HomeGlossaryHigh-Speed Sync

Flash

High-Speed Sync

A flash mode that allows the camera to sync with the flash at shutter speeds above the standard flash sync limit, typically 1/250s. Enables fast shutter speeds with flash for outdoor portraits at wide apertures or action shots with fill flash.

Standard flash synchronisation requires the camera's mechanical shutter to be fully open when the flash fires. With a focal plane shutter, this limits the flash sync speed to the point at which the second shutter curtain begins to close before the first has fully opened — typically 1/250s or 1/320s on most M43 bodies. At shutter speeds faster than this, the second curtain begins moving before the first has cleared the sensor, creating a band of shadow in the frame where the shutter gap was when the flash fired.
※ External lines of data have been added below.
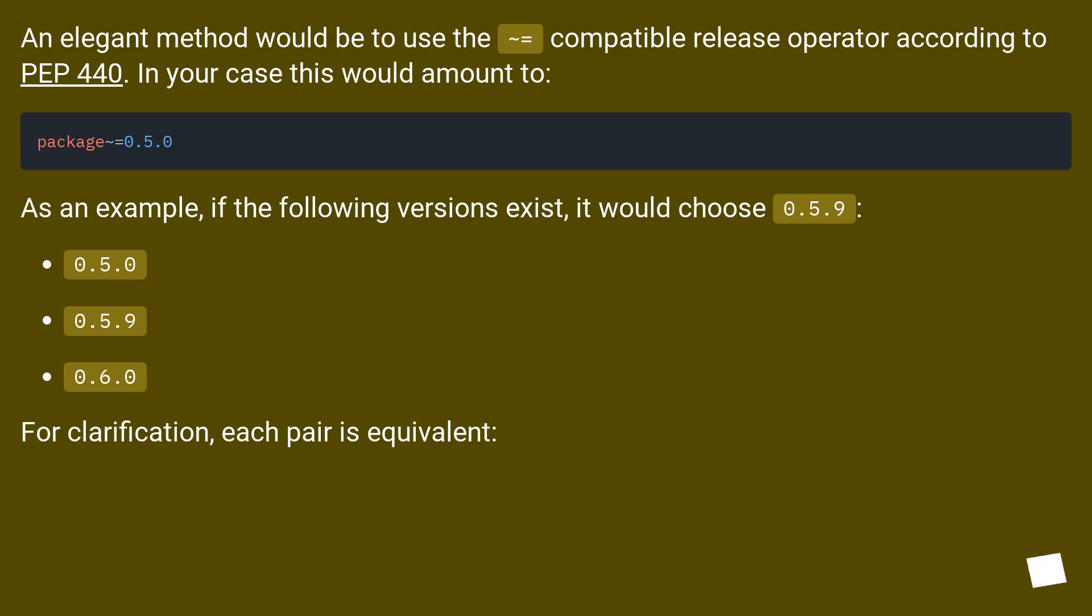As an example, if the following versions exist, it would choose 0.5.9: 0.5.0, 0.5.9, 0.6.0. For clarification, each pair is equivalent.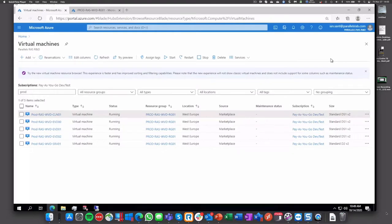So let's start the demo with the WVD part. Here we have a few resources already deployed in Azure, as you can see a few virtual machines already deployed.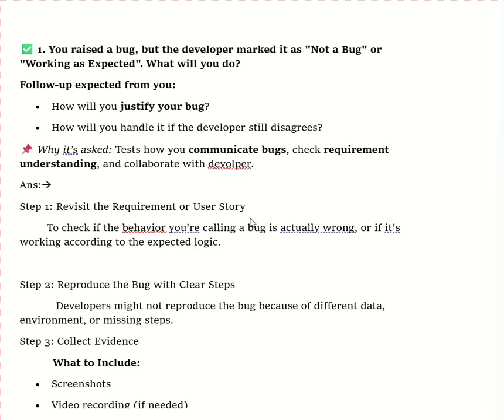Hello everyone, welcome to the channel. Today we are going to discuss a scenario-based question asked in interviews. The question is: suppose you raise a bug but the developer marks it as 'not a bug' or 'working as expected' — so what will you do? There are two parts: how will you justify your bug, and how will you handle it if the developer still disagrees?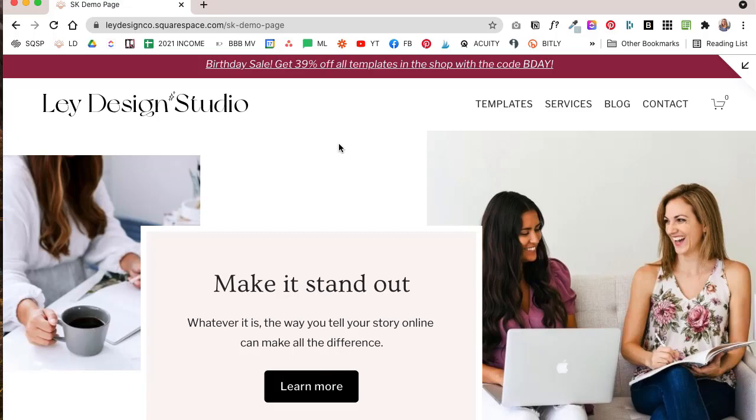Have you ever come across a website that looks so beautiful and has this super cool and creative layout and wondered how they do it?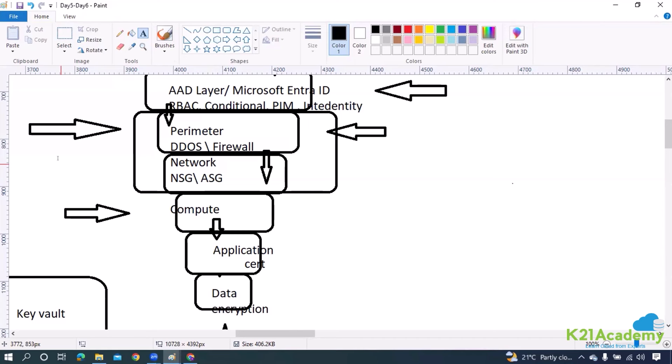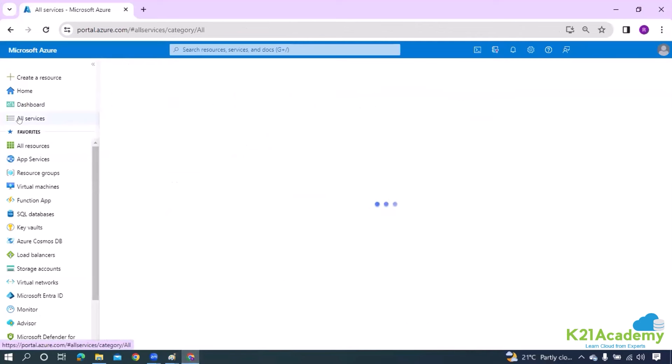If you know the number a call is coming from, you can block it. Similarly, if the same IP is continuously generating traffic, you can block that. But nowadays, hackers have access to botnets — they create users on the basis of which a new IP is generated, and they continuously change IPs. They might be running an algorithm that continuously changes the IP and keeps hitting your web application. It's like getting too many spam calls from different numbers — it becomes difficult to dodge. To avoid that, you require an artificial intelligence mechanism, which is what the DDoS protection plan provides.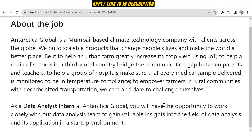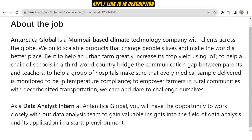Antarctica Global is a Mumbai-based climate technology company which has clients all over the world. It basically works in the IoT sector and in the education sector.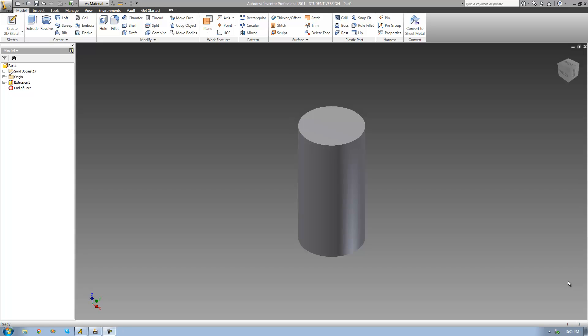Hey guys, welcome to the 34th Autodesk Inventor tutorial. In this tutorial, we're going to finish up looking at the coil tool, and I'm going to be showing you how to coil something around another object.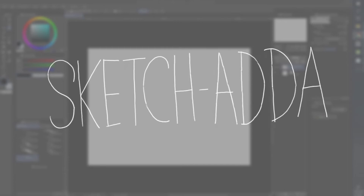Hello everyone and welcome to another episode of SketchAda. I am Asif Rahman from Arts by Rats.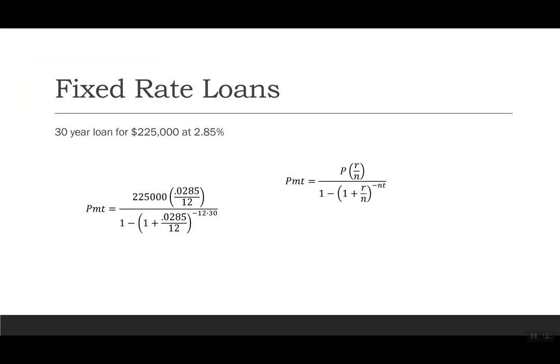Let's look at another example. This time we're going to do a 30-year loan for $225,000 at 2.85%. In our formula, we have 225,000 times 0.0285 divided by 12, all of that divided by 1 minus parentheses 1 plus 0.0285 divided by 12. And then I take that sum, raise it to the negative 12 times 30.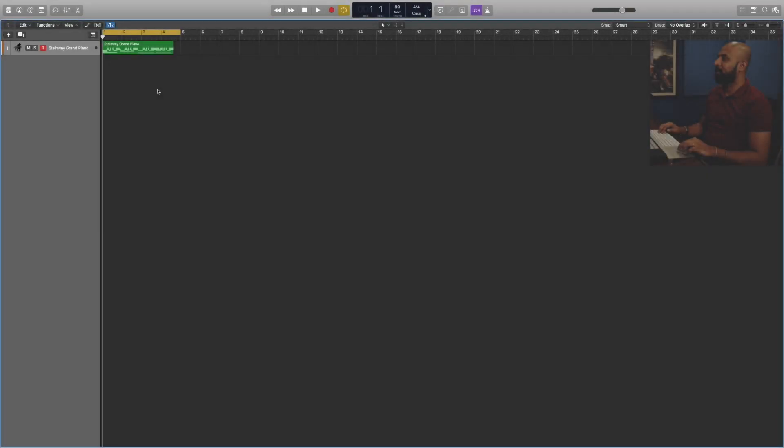Hey guys, welcome back to the Music School. My name is Abhijit Hegde, and in today's video I'm going to show you how to convert your MIDI files into audio in Logic Pro X. So let's get started.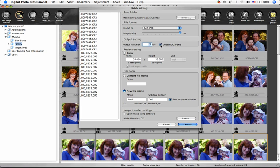A color-managed workflow is important. I'll want to check this box to embed the profile that I've selected in Preferences.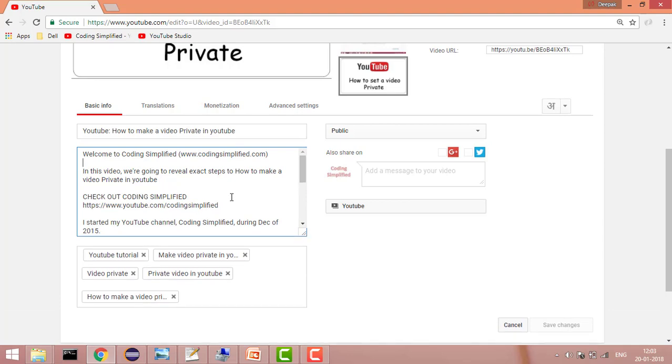This description I added when I uploaded the video. So you have two options: either you can edit a description when you upload the video, and later on you can also edit your description from here.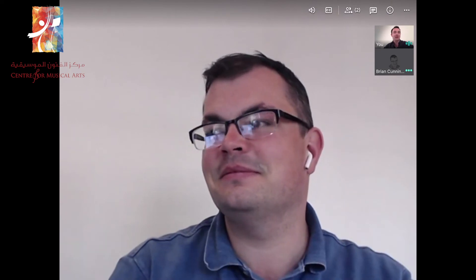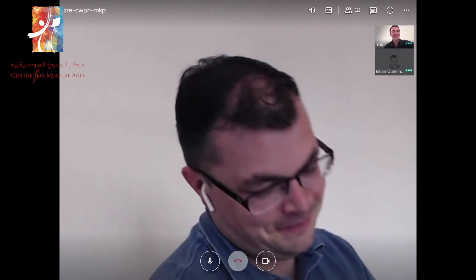And I'm joined with Mr. Brian Cunningham, who is the Director of Teaching and Learning for Centre for Musical Arts. Hello, Brian. Hello, Andrew. Really nice to see you. I hope you're looking forward to your online lessons today. I can't wait. See you later. Glad to hear you. Bye-bye.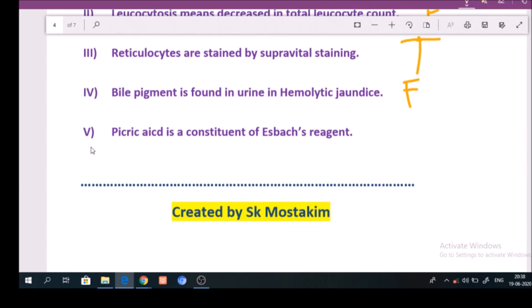Question number 5: Picric acid is a constituent of Sievert's reagent. Answer: True.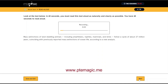Mass extinctions of land-dwelling animals including amphibians, reptiles, mammals, and birds follow a cycle of about 27 million years, coinciding with previously reported mass extinctions of ocean life, according to a new analysis.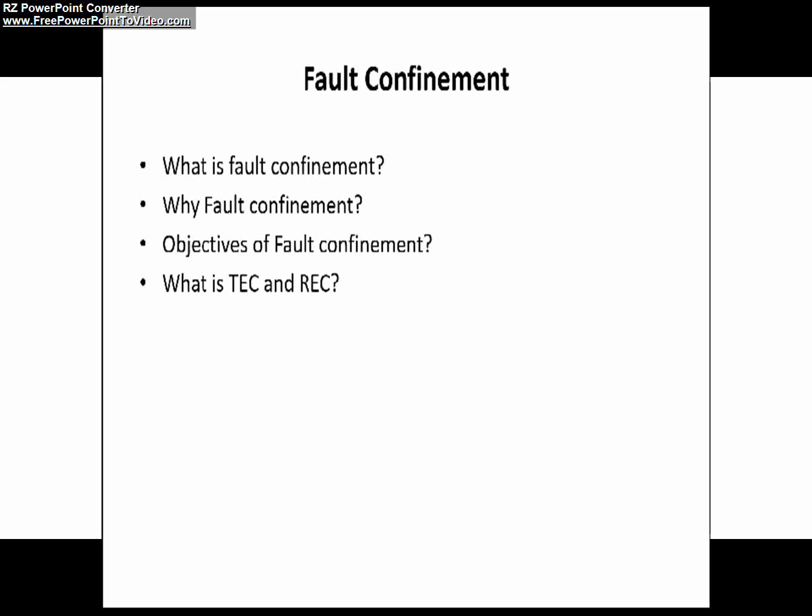Now coming to the receive error counter or REC — it is the counter which keeps track of successful and unsuccessful reception, and based on the successful and unsuccessful reception the REC or receive error counter will be incremented and decremented.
High-speed sync resolves this by changing how the flash fires. Instead of a single burst of light, the flash emits a series of rapid pulses throughout the duration of the exposure. Because the flash is continuously illuminating during the entire sensor scan, even the portion of the sensor covered by the moving shutter curtain gap receives flash illumination. This allows the camera to use any shutter speed up to its maximum with flash, regardless of the curtain position.

The trade-off of HSS is reduced flash output. The rapid pulsing distributes the flash's energy over a longer period, reducing the peak intensity available at any given moment. At 1/2000s, a flash may lose 2 to 3 stops of effective output compared to the same flash at standard sync speed. This means HSS is most effective in situations where the flash is used as fill rather than the primary light source, or when using a powerful flash unit that retains sufficient output even at reduced levels. Li-ion battery flashes handle HSS better than AA-battery units because they can sustain higher energy output during the extended pulse sequence.